I try to be “platform agnostic” when it comes to sales. I’m happy using Amazon, Barnes & Noble, Apple, Smashwords, and a dozen or more other small e-retailers. Without making this post into an enormous spreadsheet of sales figures, between all my titles and across all print and electronic platforms I’ve had 1905 total sales and earned near enough to $1,450 in royalties.

That’s not setting the world on fire in the publishing business, but I’m proud of those numbers because it’s something I carried through every step of the creative process and convinced people to pay real money for. It’s a deeply satisfying experience.

When it comes to price, I keep it simple. For ebook buyers short stories go for $.99 and the longer works for $2.99. Paperback copies come in at $7.99. Those are pretty much the lowest prices allowed by the retailers unless you’re running a giveaway promotion. I realize that I’m competing against a host of people who have jumped into the epublishing world over the last five years. My logic there is that I don’t have a built in audience and can’t expect anyone to pick up something I write over any of the thousands of other “no name” competitors. I never wanted price point to be the factor that sent someone over to the next guy to find a bargain.

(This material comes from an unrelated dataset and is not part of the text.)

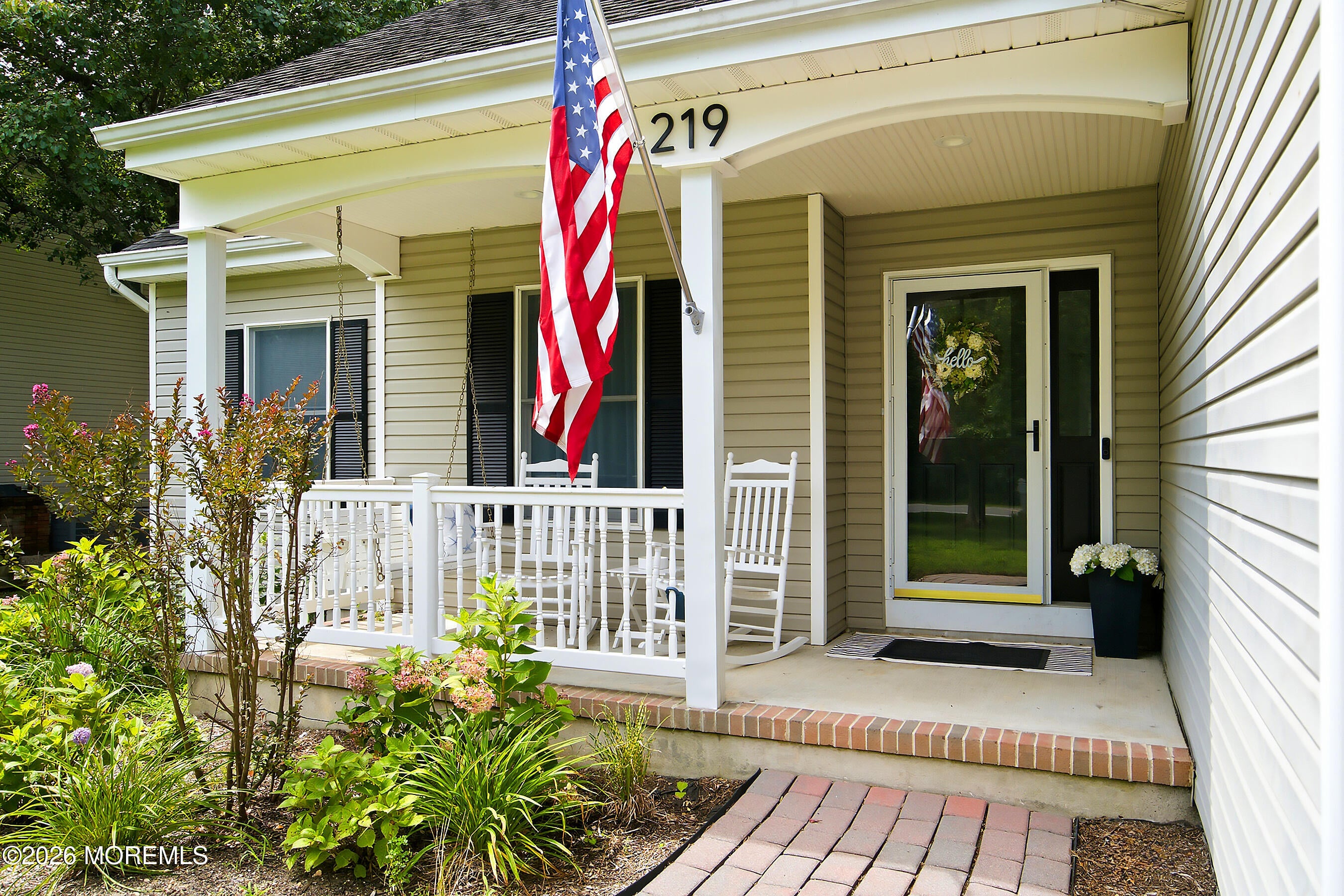 219 Hilliard Boulevard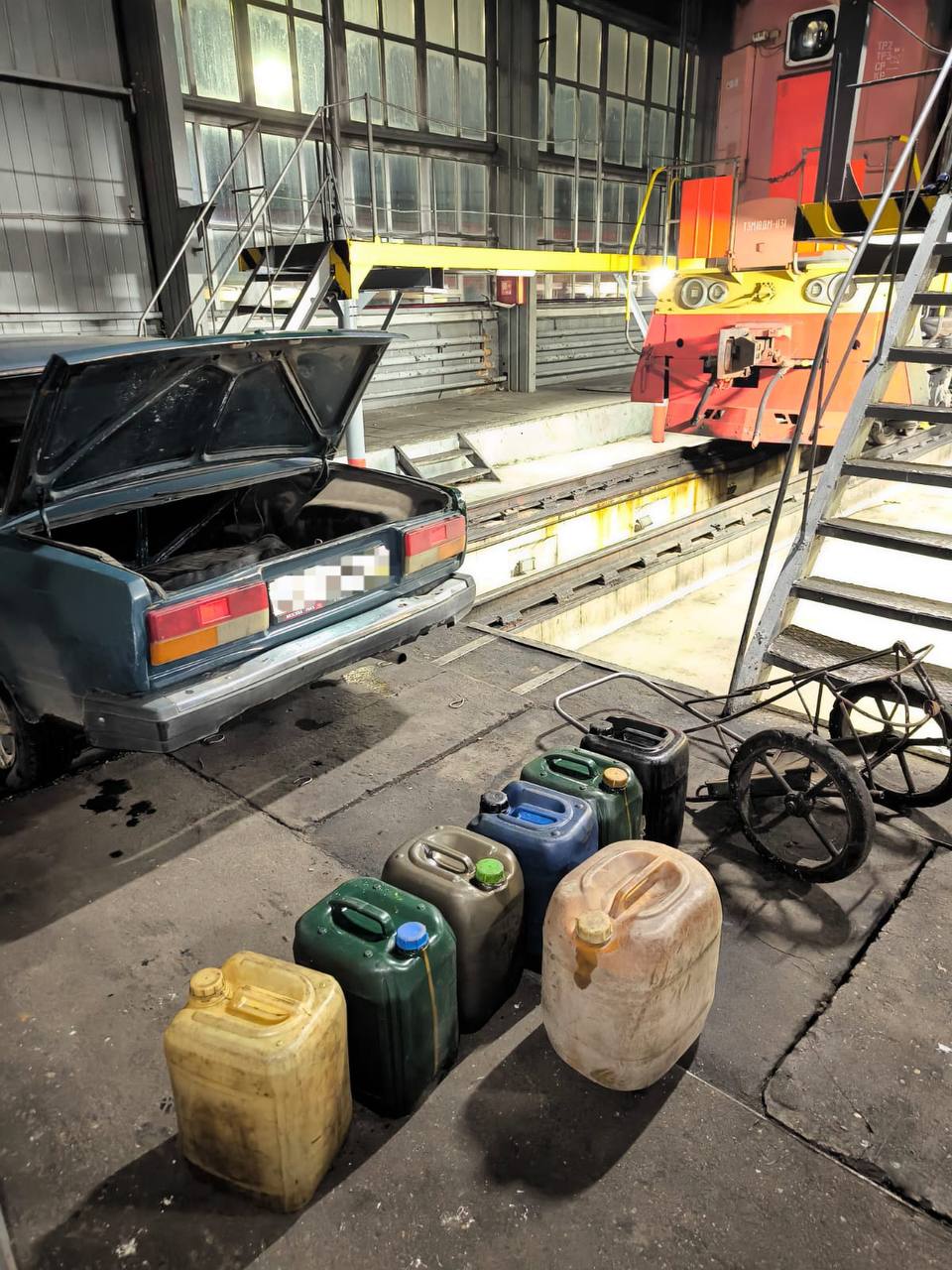 В Твери транспортной полицией завершено расследование уголовного дела о покушении на хищение дизельного топлива с локомотива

I’d love to spend a little time talking about what might be next, but the reality is I’ve got seven different files sitting on my desktop right now in various stages of development. One is ready for final editing. Most are somewhere between notes or rough outlines and fully fleshed out written chapters. Some are “mine” some belong to my alter ego. What I work on largely depends on my mood. It’s not exactly an efficient way to operate. It might not even be an effective way to operate. Fortunately, since I’m doing this more as a way to blow off stress and be creative, the need to be effective or efficient isn’t exactly a driving force.

I love writing and get a real charge out of seeing someone pay money to read something I’ve come up with. At heart, though, I still mostly identify as a half-assed blogger so it’s safe to assume that the lion’s share of the day’s word count is going to keep pouring out on these pages for the world to see at no additional charge.

You’re welcome.

Like a used car…

I had another interview this afternoon. Different job. Different organization. Still in roughly the same geographic area I’m in now. It seemed to go well enough, though I may be a spectacularly bad judge of that sort of thing. I generally count not tripping myself on the way in the door as a personal victory.

What I’ve found in interviewing for positions in the local area is that you tend to run into some of the same people. Repeatedly. In both recent occasions, I’ve known at least one of the other people interviewing for the position. Some people would find that awkward. Maybe I should be one of them, but I’m not. One of the helpful skills I’ve developed over the last decade and a half is that I just don’t take any of this stuff personally. And for the most part it really, truly isn’t personal – because the bureaucracy just doesn’t have the time or inclination to care about you the individual. That may sound negative, but with hundreds of thousands of moving widgets it’s generally just a function of trying to find the one that appears like it would mesh best with the other cogs that are already in motion and then cramming it into the available opening.

Look, I’d rather get offered one or both of these jobs than not. I mean I wouldn’t have bothered putting on a tie if I wasn’t at least interested. What I’m not doing is giving these decisions a lot of life or death credibility no matter which way they break. I’d like the chance to do some different work and if neither one of these pans out it seems like I’ve at least cracked the code on getting my resume in front of the people making decisions. Having sent out hundreds of resumes in my time with Uncle, I’m secure in saying that’s easily 95% of the battle.

The other 5% is about selling yourself like a used car. If you’re feeling a little dirty when you’re done, you’ve probably done it right. Talk about life skills no one ever bothers to teach you.